John Henry St Pierre, a.k.a. John War Eagle (September 24, 1901 - June 21, 1977) was a Yankton Sioux film and television actor. He was born September 24, 1901, in Wagner, Charles Mix, South Dakota. He was of the Sioux people, and was raised on the Yankton Indian Reservation in South Dakota.

==Career==
Between 1932 and 1977 — sometimes credited as Chief John War Eagle, Chief John Eagle or John Wareagle — he appeared in twenty-eight films, mostly in uncredited roles, and twenty-six television productions.

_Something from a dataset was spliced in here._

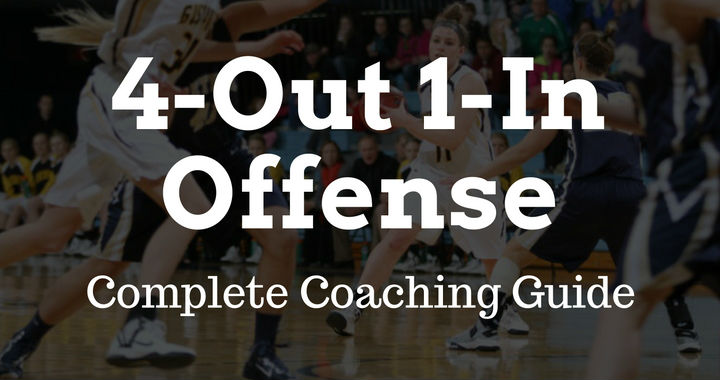 4-Out 1-In Motion Offense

His roles include appearing as Red Cloud in the historical western-drama film Tomahawk (1951) starring Van Heflin, a role he reprised in 1953 in historical western-drama film The Great Sioux Uprising starring Jeff Chandler. He also played Chief Sitting Bull in the Disney family adventure western-drama film Tonka (1958), the story of a young Sioux boy, played by Sal Mineo on the brink of adulthood who tries to tame a wild stallion to prove his courage and strength.

War Eagle also appeared as Wolf's Brother in the Disney western-drama film Westward Ho, the Wagons! (1956) and in “The Jeremy Dow Story” (S4E14) as revengeful “Chief Iron Hand” in the TV Western Wagon Train (1960).